Typically, the standards that are to be applied are about how to be good at the profession. But the person you’re complaining about may only want to be what the law requires of someone in their profession. This creates a problem for the organization: if they kick the person out for failing to be better than others in the profession, is that against the law? Obviously not, you might think, because there are ratings in some professions, museums don’t have to have works of all artists but can select better ones by any criteria and museums don’t all agree on who they are, and you’re permitted to choose who you think is best in any field. But an organization that holds itself out as open to any member of a licensed profession may have a legal problem in kicking someone out, if for no other reason than that defending a court suit from the unhappy former member can be expensive.

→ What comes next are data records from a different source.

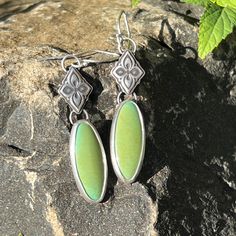 Green Oval Turquoise Drop Earrings with Deco Link, Sterling Silver Han Turquoise Drop Earrings, Green Oval, Creative Stuff, Green Turquoise, Stone Earrings, Ear Wire, Fine Silver, Ear Wires, Handmade Silver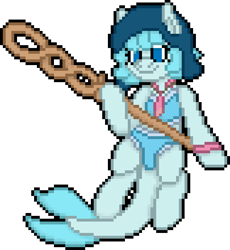 Size: 648x703 | Tagged: safe, artist:bloonacorn, oc, oc only, oc:whaletail, merpony, bikini, clothes, hat, simple background, solo, staff, swimsuit, transparent background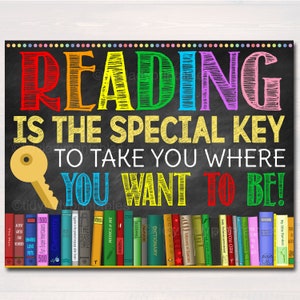Reading is Key Poster: Library Classroom Decor (Digital Download)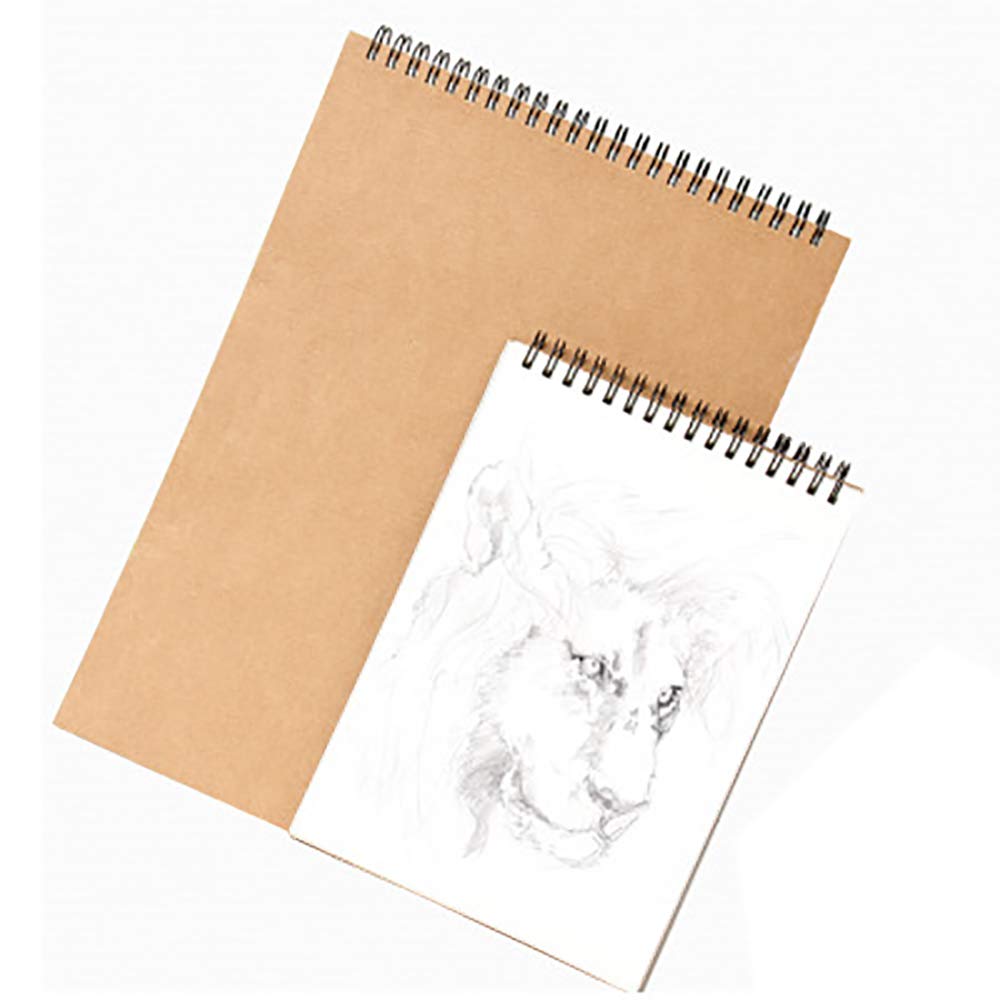 A3 Sketchbook Wire Bound Landscape Notebook Drawing Sketch Book Portrait Book Sketch Pad Kraft Hardcover Spiral Notepad White Cartridge Paper Recycled 60Pages(30sheets)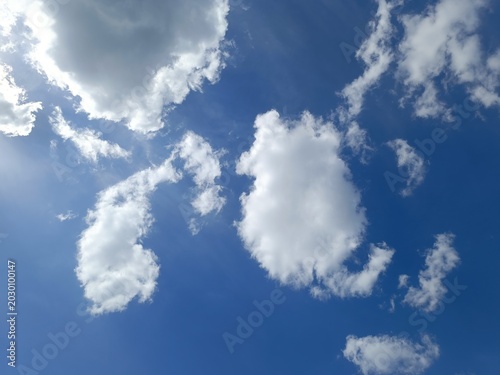 Принти на полотні Fluffy white clouds scattered across a bright blue sky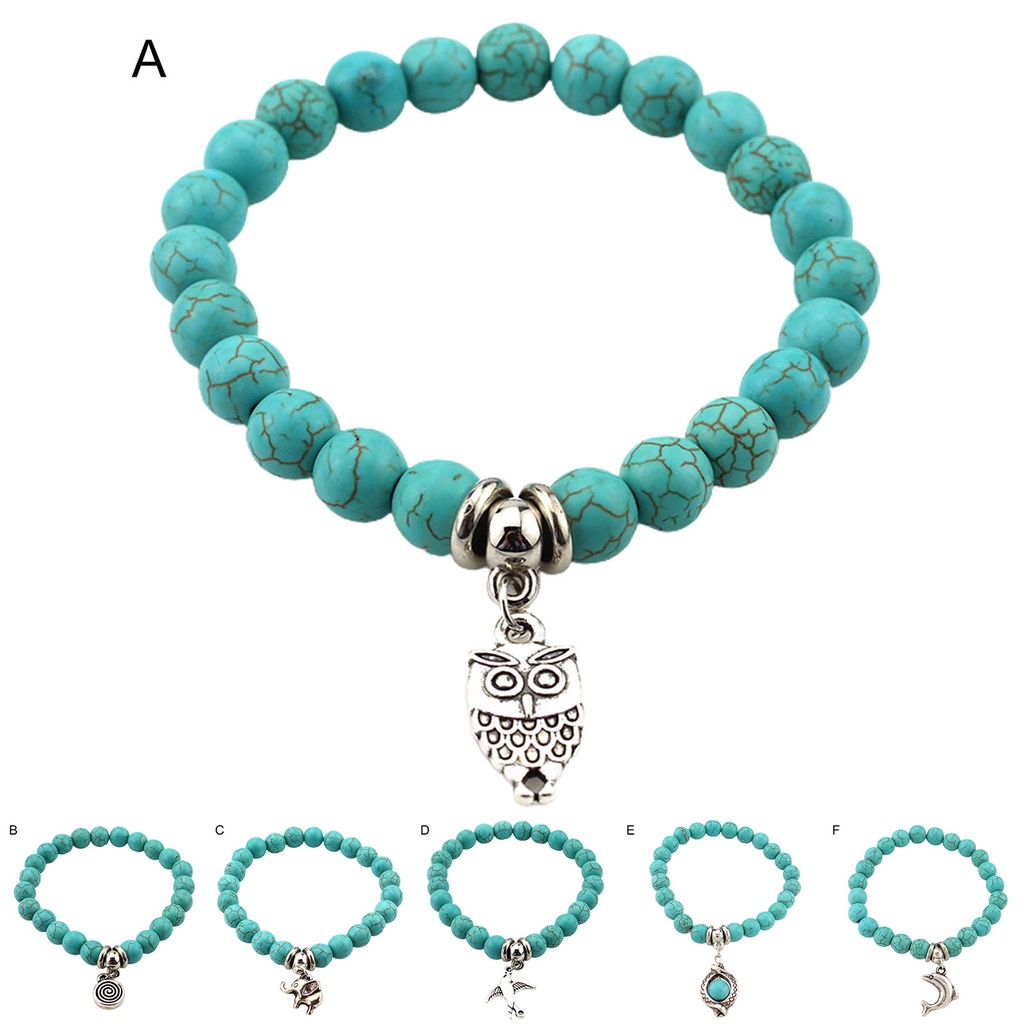 Hu Hu Hu Hu Hu Alat Bantu Pasang Kacamata♡ Gelang Manik-Manik Turquoise Imitasi Bentuk Burung Hantu Tahan Lama Untuk Wanita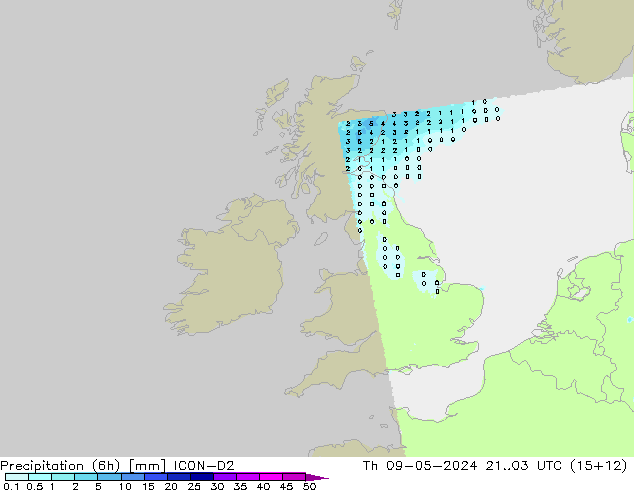 Precipitation (6h) ICON-D2 Th 09.05.2024 03 UTC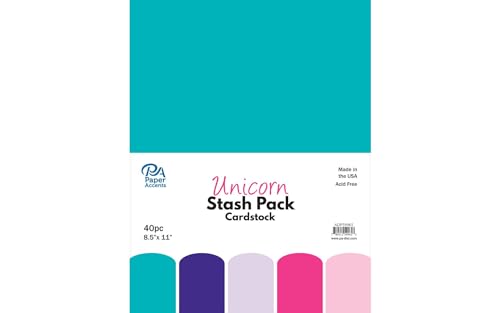 PA Paper Accents Stash Pack Cardstock Pack 8.5" x 11" Unicorn, colored cardstock paper for card making, scrapbooking, printing, quilling and crafts, 65lb., 40 pieces - color: Lavender,pink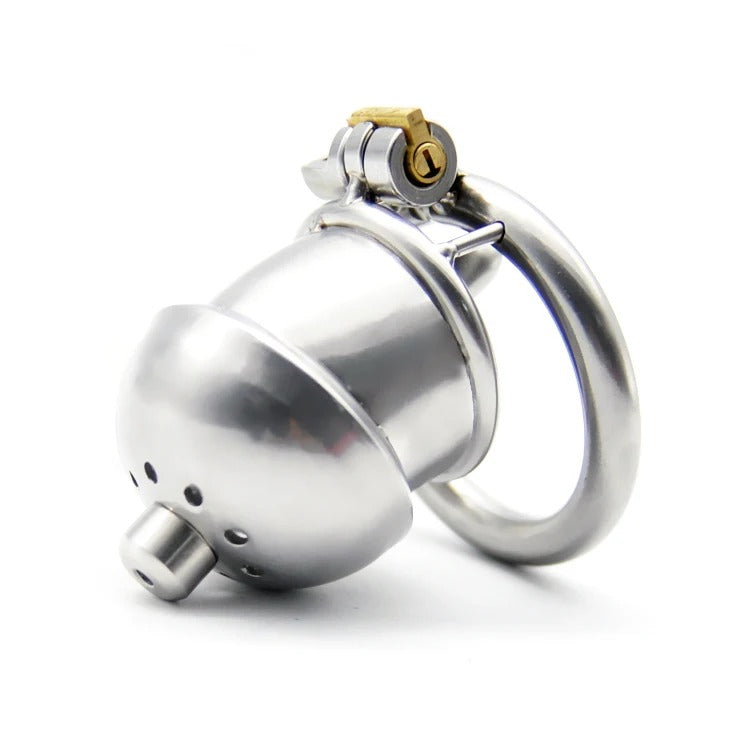Small Stainless Steel Male Chastity Cage with Secure Base Ring High-Quality Metal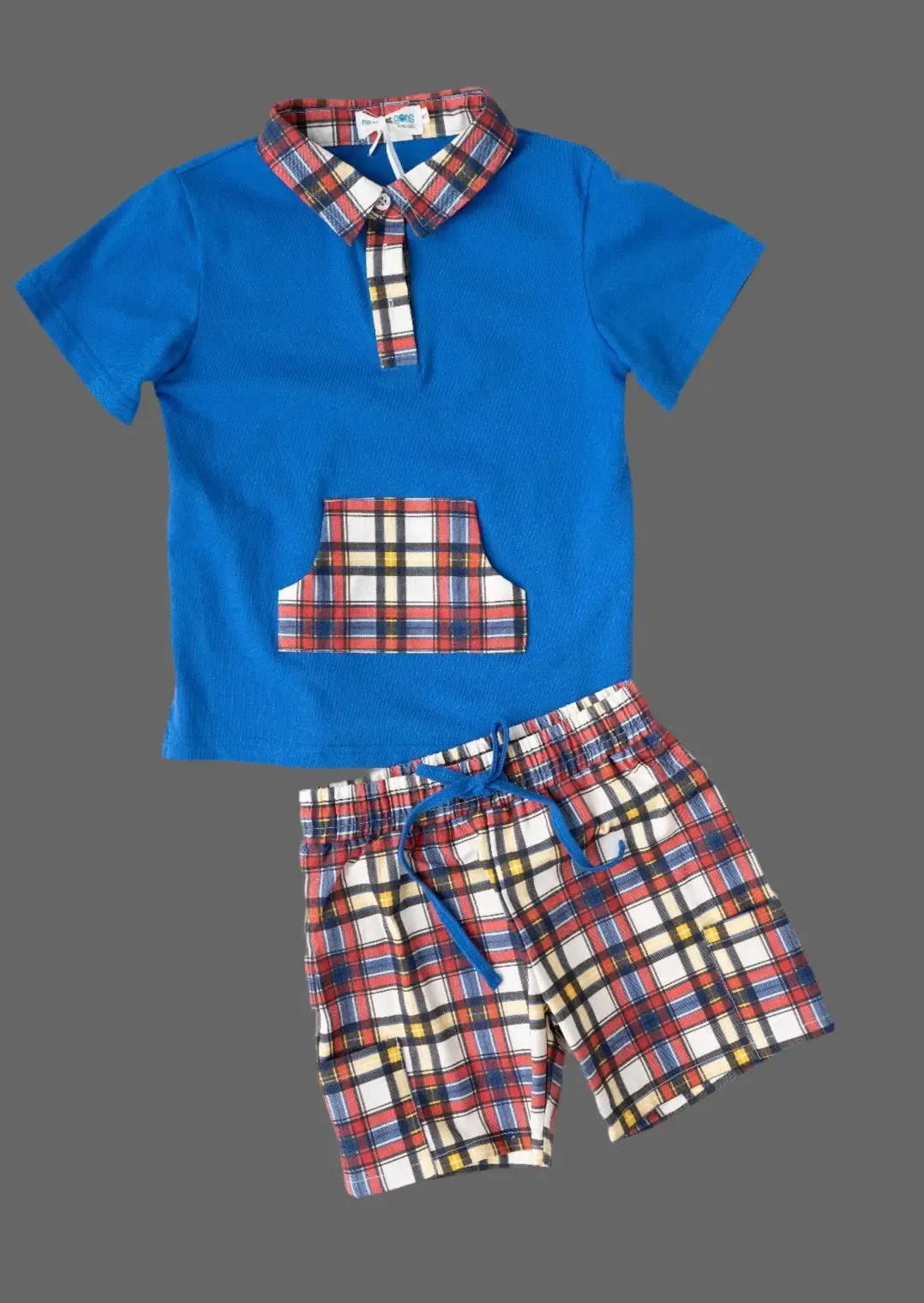 Apple Plaid Boys Polo and Short Set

So, the organizations have a few strategies.

Not paying dues leads to ejection. That’s easy. Proof is easy; the organization need do little more than send a bookkeeper to testify that the dues were not paid. Knowing how easy that is, no one is likely to sue over that issue. There probably were reminders sent a couple of times, and testimony about that makes a lawsuit even less likely. Dues usually are low relative to the professional’s income, so someone not paying probably doesn’t think the membership is important or isn’t making much money from practicing the profession, so they’re hardly willing to sue.

Sometimes, they force people out for violating what is against the law even if the organization had no standards. For example, they might toss a lawyer out for committing perjury, because perjury is a crime under State or Congressional legislation whether a bar association says so or not. This is rare, but a possibility. Sometimes, resigning has a benefit in defusing a controversy that would not benefit the lawyer as they build a new career; and sometimes a lawyer has been out of practice for long enough that no one would hire them to draft a contract or represent them at trial, because it’s almost certain that they have not been reading State or Federal appellate court opinions by the hundreds in years, and many ordinary lawyers could embarrass them as legal morons in full view of a court. They could advise current attorneys, but for legal advice to clients it would be better, and likely less costly, to go to a regular practicing attorney who’s reasonably up to date on the law. So, if the violation of law outside the organization is clear anyway, and being removed from the profession is nearly certain regardless of what a professional organization says, then the professional organization won’t have much difficulty disenrolling that member. This may be more fruitful than asking a government to act. Even so, the cases where organizations will be proactive are probably where the offense is major, records of the offense are public and virtually indisputable even by the lawyer in queston, and where the removal will hardly be controversial among the organization’s members.

Drafting the standards is another way out for the organizations. Many are drafted in ways that make them sound glorious but unenforceable even within the organization. The loopholes are laughable among lawyers, regardless of the profession involved. It’s probably deliberate; writing loopholes discourages most would-be hot-shot enforcers from trying to enforce them and thereby laying the groundwork for big bills the organization will have to pay down the road. Since you can’t force a private organization to draft ironclad standards, your complaint will die with little more than an official letter of regret.

And it’s generally in the interest of the organization to have as many dues-paying members as it can persuade to join. It increases dues income; it generally increases ancillary income, such as conference fees and publilcation sales; it generally increases the organiation’s political clout; and the reputational cost from keeping a few bad actors is nearly zero. On the other hand, those factors count for little or nothing to government licensing agencies, so an agency can remove someone with some difficulty but not as much, if your case is clear-cut.

For many activities, the private sector is better. For this, however, the government is better-equipped to do a better job about lifting a license someone should not have.